Cette mère courageuse et déterminée dénonce la mauvaise information médicale en direction des malades et de leurs familles, ce qui a entraîné des conséquences lourdes sur la santé des victimes. Nombre d’enfants nés de mères ayant consommé cette molécule durant leur grossesse, présentent des malformations physiques et des troubles du comportement. Ce qui est incompréhensible et inadmissible, c’est que ce médicament continue à être prescrit en dépit des risques connus.

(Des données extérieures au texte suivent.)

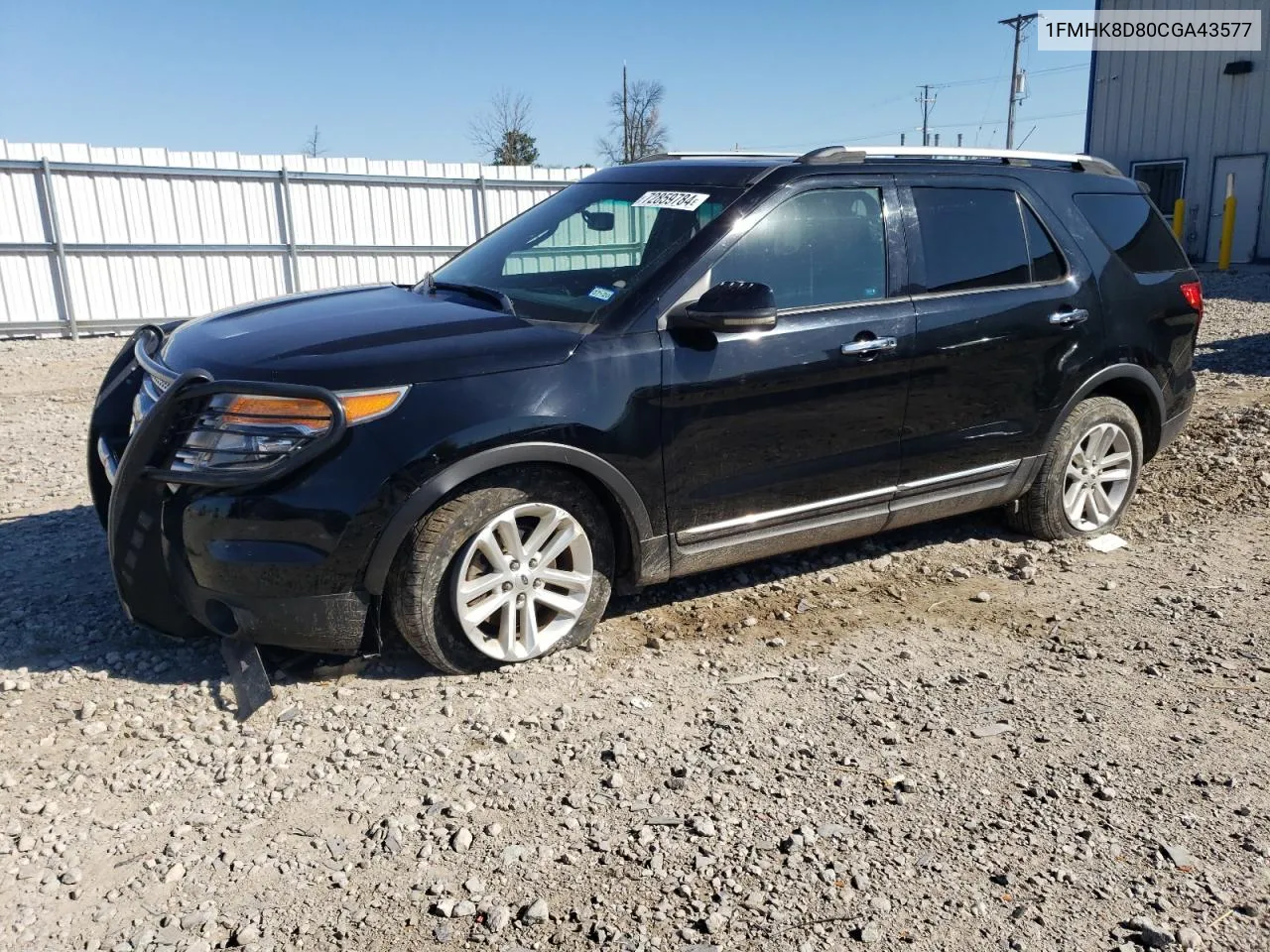 2012 Ford Explorer Xlt VIN: 1FMHK8D80CGA43577 Lot: 72859784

C’est dire l’intérêt que porte Big Pharma à la santé humaine. Il y a même des médecins qui doivent dire, ou qui l’ont fait, que ce ne sont que des rumeurs d’Internet… Pendant ce temps, les malades s’accumulent voire meurent sous nos yeux sans qu’aucun criminel de Big Pharma ne soit levé par le GIGN au petit matin de chez lui comme les salariés d’Air France. Comprenne qui pourra.


Une mère des Pyrénées-Orientales lutte contre un médicament, la Dépakine. C’est un anti-épileptique qui a provoqué de graves séquelles chez plus de 700 enfants en France.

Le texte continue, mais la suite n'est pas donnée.